Dentro de pocas hora la Iglesia proclamará santos al arzobispo mártir Óscar Arnulfo Romero y al Papa Pablo VI. En estos días he releído sus escritos sobre la inminencia de la muerte, ocurrida a poca distancia una de la otra (el Papa de Brescia en agosto de 1978 y el arzobispo de San Salvador en marzo de 1980). Ambos tuvieron conciencia de que su fin estaba cerca y volcaron en un diario sus últimas confidencias. Frente a la muerte es difícil mentir. La muerte deja al desnudo nuestra humanidad, descubre nuestros miedos, pero también nuestros pensamientos y deseos más secretos.
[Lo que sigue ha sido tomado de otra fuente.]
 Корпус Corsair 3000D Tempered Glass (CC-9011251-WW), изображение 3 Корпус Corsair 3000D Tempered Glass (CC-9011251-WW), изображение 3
El escrito de Pablo VI – “Pensamiento sobre la muerte” – es una verdadera declaración de amor, a la Iglesia, expresada con el pudor de un enamorado tímido como era él: “Podría decir que siempre la he amado y por ella, y no por otra cosa, me parece haber vivido”. Después seguía diciendo: “Pero quisiera que la Iglesia lo supiese, y que yo tuviera el valor de decírselo, como una confidencia del corazón que sólo en el momento último de la vida se tiene el coraje de decir”. El jesuita Paolo Dezza, confesor de Pablo VI, fue quien me hizo conocer ese texto. Recuerdo sus ojos húmedos mientras conversábamos en una entrevista.
También monseñor Romero tuvo conciencia de que su fin estaba cerca. Una muerte violenta, anunciada por muchas amenazas e informaciones provenientes de diversas fuentes. Un mes antes del homicidio – en febrero de 1980 – había recibido del nuncio en Costa Rica Mons. Kada Lajos, eclesiástico húngaro, la advertencia fidedigna de un peligro inminente. Según el cardenal Rosa Chávez, el nuncio la había recibido desde Argentina, donde los militares que estaban en el poder vigilaban a Romero y sin duda lo consideraban un enemigo. “Acepto con fe en Él mi muerte – escribió Romero en sus cuadernos -, no importa lo difícil que sea. Tampoco quiero darle una intención, como me gustaría, por la paz de mi país o por el crecimiento de nuestra Iglesia… porque el Corazón de Cristo dará la orden que quiera. Sólo tengo que vivir feliz y confiado, sabiendo con certeza que Él está en mi vida y mi muerte… Jesucristo ayudó a los mártires y si es necesario lo sentiré cerca cuando le entregue mi último aliento”.
Dos santos, dos héroes. Nada de lo que vivieron, sufrieron o amaron, ninguna de las cosas por las que lucharon, se podría explicar sin la fe. Toda su grandeza humana, toda su humanidad admirable hecha de coraje y discreción, de fuerza y delicadeza, se apoya aquí. Esa fe es lo que hoy nos invita a mirar la Iglesia, con reconocimiento y gratitud.